Looking just at the very first parameter (the “area” of the peak), one gets (“p” is either the histogram “h” or the corresponding TGraphErrors “g”):

p option: chi2          : area +/- error
h B+    : 13.5638       : 493.391 +/- 15.7093
h WB+   : 839.915       : 493.94 +/- 1.63508 <- much too small
h WWB+  : 839.915       : 493.94 +/- 1.63508 <- much too small
h LB+   : 14.9345       : 500 +/- 15.8114
h WLB+  : 14.9345       : 500 +/- 15.8114
g B+    : 13.5638       : 493.391 +/- 15.7093
g WB+   : 839.947       : 493.938 +/- 11.4928 <- perfectly fine

gauss_area_errors.cxx (2.7 KB)

moneta · March 9, 2020, 12:26pm

Hi,

The option “W” and “WW” set all the bin errors to 1. If you have an histogram representing counts, this is not correct and it makes sense that the resulting errors are not correct. Probably this option should be removed, because it does not make much sense to me.
It has been there since the beginning and I personally don’t know the reason to be there.

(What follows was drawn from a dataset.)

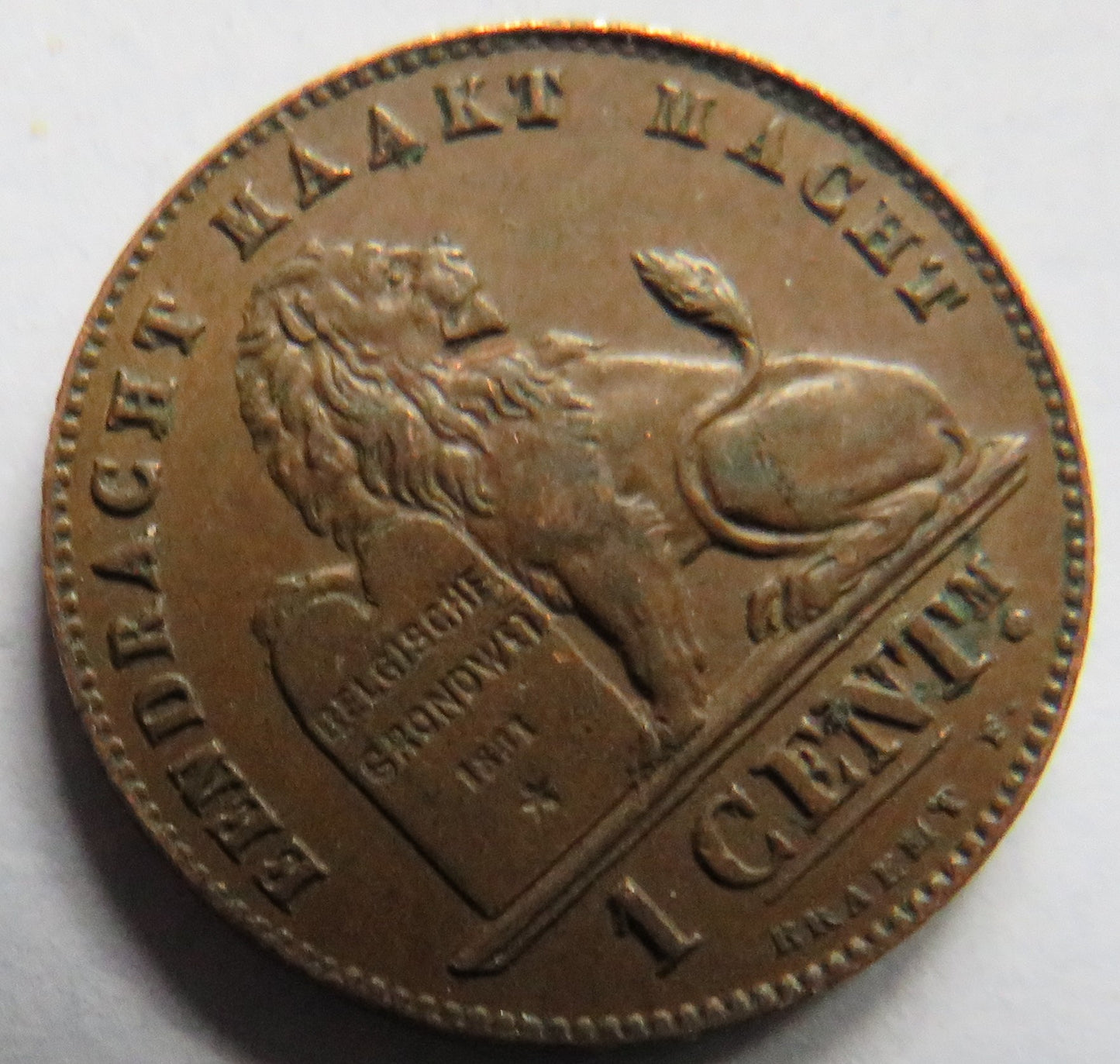1894 Belgium One Centime Coin In Good Grade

In the case of TGraph fitting you can have the case where errors are not present (fitting a Graph and not a TGraphError). In that case one can assume an equal weight for each point (e.g. W=1). However the difference is that in this case the fit parameters errors are re-normalized using the obtained chi2 value.
This explains why the errors are almost correct, a value very close to what you would obtain if using the correct error for each data point (bin)

Lorenzo

Wile_E_Coyote · March 9, 2020, 12:29pm

So, could you also, please, “re-normalize” the errors when histograms are fitted with the “W” and / or “WW” options?

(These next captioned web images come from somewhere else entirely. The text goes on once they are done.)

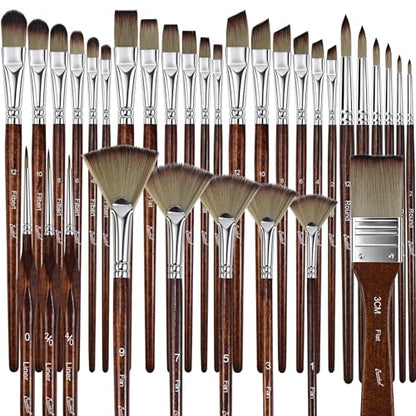 Bougimal 33 Pcs Paint Brush Set, Artist Paint Brushes for Acrylic Painting, Oil, Watercolor, Gouache, with Flat Round Filbert Fan Angle Detail Brush, Suitable for Artists and Beginners (Tawny) - color: Tawny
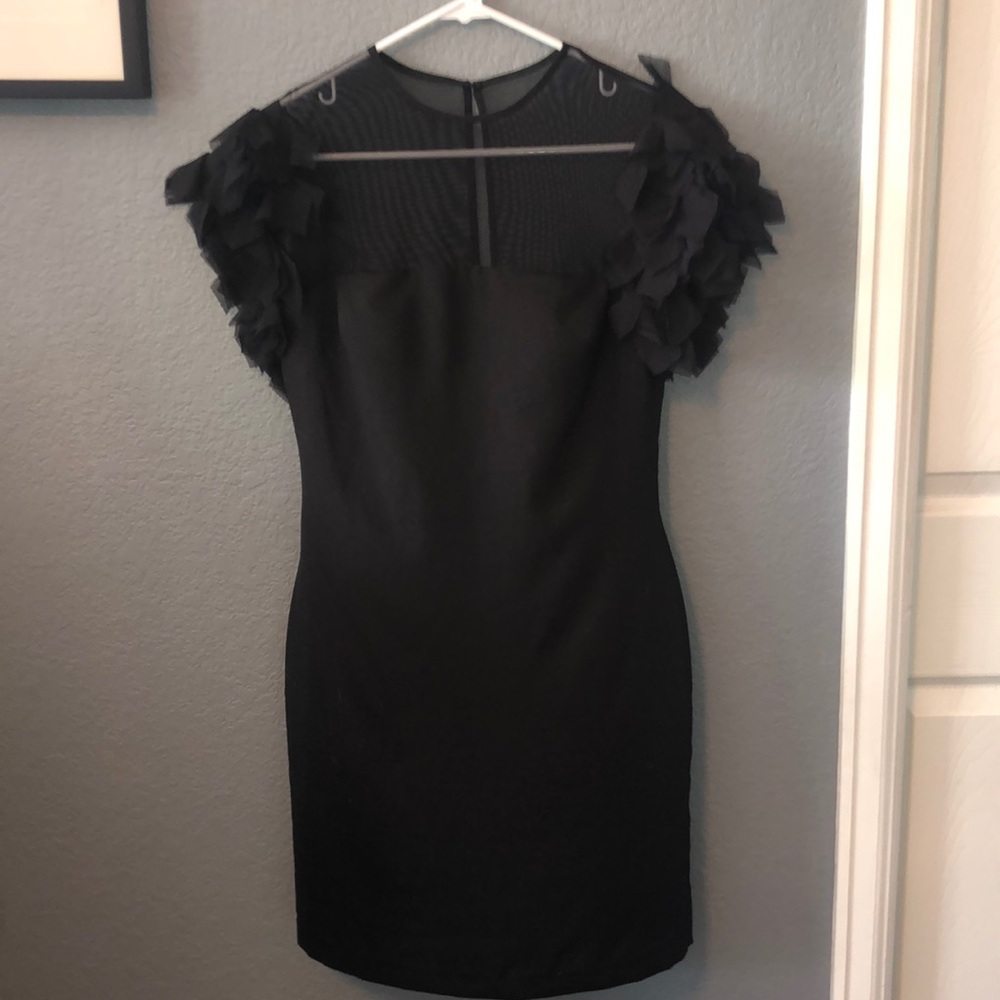 Black Cocktail Dress with Tulle Ruffle Cap Sleeves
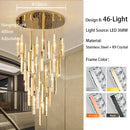 GobekUsa Large Crystal Luxury Chandelier for Living Room Dining Hall Stair Suspension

moneta · March 9, 2020, 2:37pm

Yes we could do that, although as I said before option W should not be used for an histogram.
A TGraph is different, it is a set of point and in case of TGraph (no TGraphErrors) there are no errors.

Lorenzo

Wile_E_Coyote · March 9, 2020, 3:15pm

The “W” and “WW” options are extremely useful when histograms have bad errors (for any reason) and / or when one just wants the chi^2 fit without considering errors. Please do not remove them.

moneta · March 9, 2020, 5:25pm

I have opened a PR, https://github.com/root-project/root/pull/5114 to correct the errors also for TH1::Fit with option “W” (or “WW”)

Lorenzo

Wile_E_Coyote · March 9, 2020, 6:16pm

I did not check how it behaves for graphs but, I assume one needs to “re-normalize” the whole covariance matrix, not just the errors.

moneta · March 10, 2020, 9:26am

Yes, also the covariance matrix is corrected using the same factor ( chi2/(ndf-1) )

Lorenzo

Wile_E_Coyote · March 24, 2020, 9:33am

This topic was automatically closed 14 days after the last reply. New replies are no longer allowed.